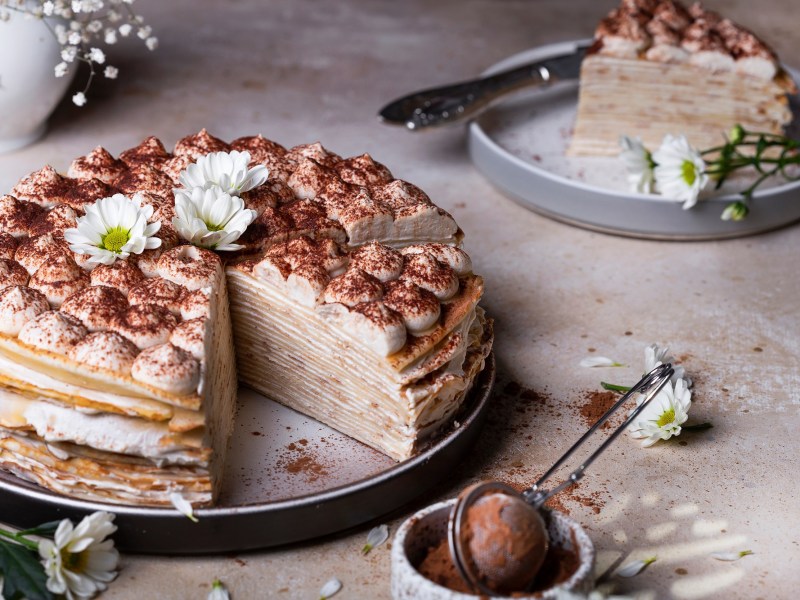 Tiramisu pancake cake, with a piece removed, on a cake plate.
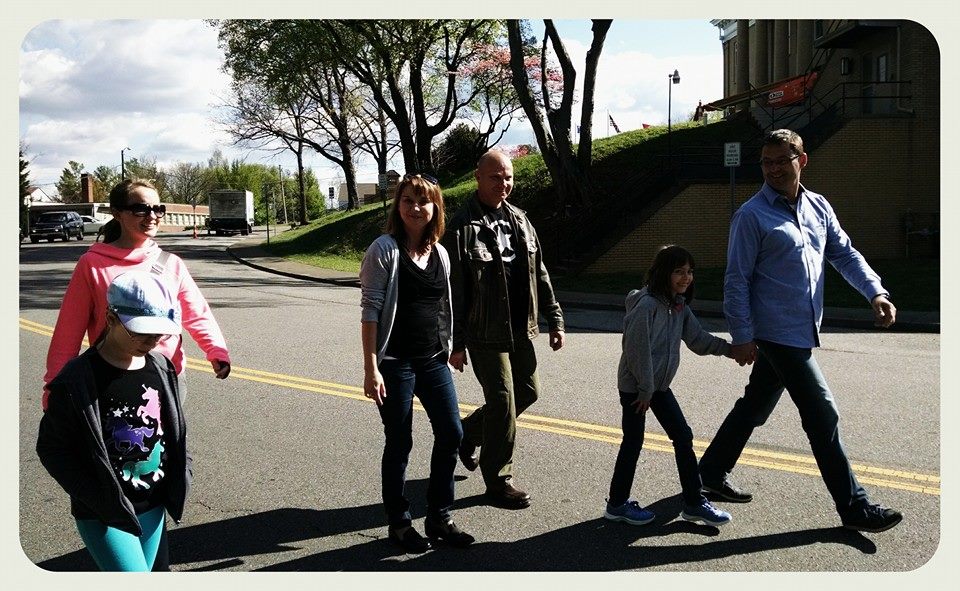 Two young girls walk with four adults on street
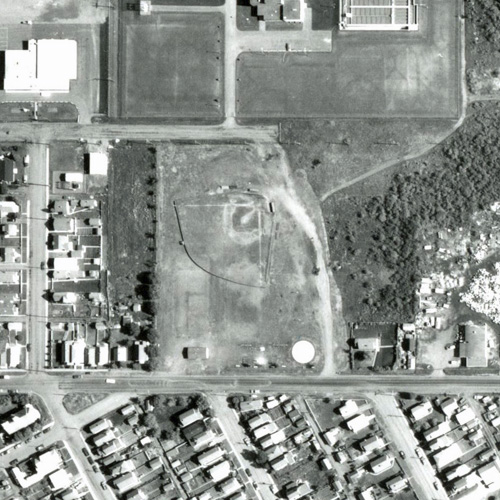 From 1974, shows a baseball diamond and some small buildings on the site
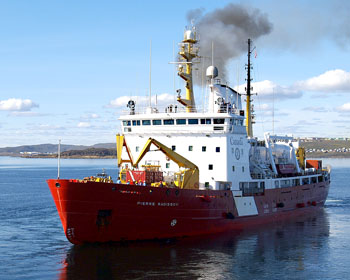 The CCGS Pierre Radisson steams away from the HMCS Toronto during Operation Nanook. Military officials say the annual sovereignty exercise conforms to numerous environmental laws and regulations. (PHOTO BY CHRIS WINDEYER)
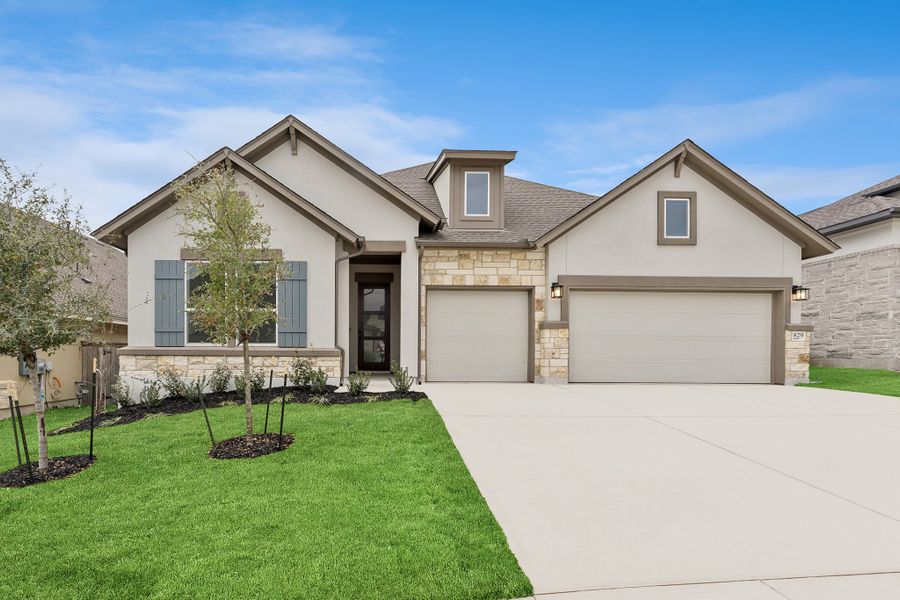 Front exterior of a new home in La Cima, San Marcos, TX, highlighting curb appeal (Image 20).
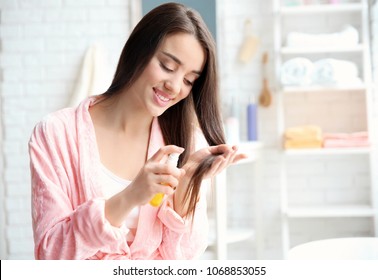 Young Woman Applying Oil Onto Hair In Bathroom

WORK ORDER: What is needed is an exact copy of the lines from the one containing "Two young girls" through the last line of the records, with every picture left out.

EXERCISE OUTPUT:
 Two young girls walk with four adults on street
 From 1974, shows a baseball diamond and some small buildings on the site
 The CCGS Pierre Radisson steams away from the HMCS Toronto during Operation Nanook. Military officials say the annual sovereignty exercise conforms to numerous environmental laws and regulations. (PHOTO BY CHRIS WINDEYER)
 Front exterior of a new home in La Cima, San Marcos, TX, highlighting curb appeal (Image 20).
 Young Woman Applying Oil Onto Hair In Bathroom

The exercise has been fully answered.